Von der Erfindung zum Patent

Schalltechnische Überwachung am Beispiel eines Container Terminal

Für die aktive Geräuschüberwachung ist es erforderlich, dass neben der Messung der Geräuschsituation des Gewerbelärms auch sicher zwischen Anlagen- und Fremdgeräuschen aus der Umgebung, wie z. B. Straßenverkehr, Fluglärm etc. an der Immission unterschieden werden kann.

So enstand die Idee zu unserer Erfindung.

Die Geräusche werden im Immissionsbereich vom Mess-System nach einem patentierten Verfahren unmittelbar identifiziert. Die so registrierten Geräusche werden anhand der gleichzeitigen Emissionsmessungen auf dem Betriebsgelände des Container Terminal und an den Hauptverkehrswegen des Hafenverkehrs den entsprechenden Verursachern zugeordnet.

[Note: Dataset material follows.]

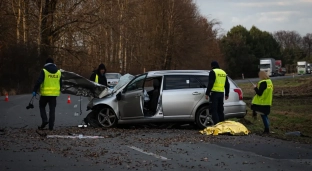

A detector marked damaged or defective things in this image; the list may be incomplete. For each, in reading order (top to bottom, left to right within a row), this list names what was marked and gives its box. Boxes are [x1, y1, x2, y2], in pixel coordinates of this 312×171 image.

damaged silver minivan [61, 69, 246, 128]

Zur Geräuschquellenerfassung ist das simultane Messen der Pegel und Spektren im Emissions- und Immissionsbereich notwendig. Zusätzlich zur Speicherung der Messdaten besteht im Rahmen einer Geräuschüberwachungsmesskette über eine anwählbare Telefonnummer die Möglichkeit, während der Nachtzeit eine Meldung an den Zentralrechner abzusetzen. Diese Meldung ist als Hinweis auf eine Störung durch Geräusche zu verstehen.

Am 12. Dezember 2007 wurde das europäische Patent für diese Erfindung erteilt. Patentinhaber ist Herr André Kiwitz, Geschäfts-führer der Firma ted GmbH.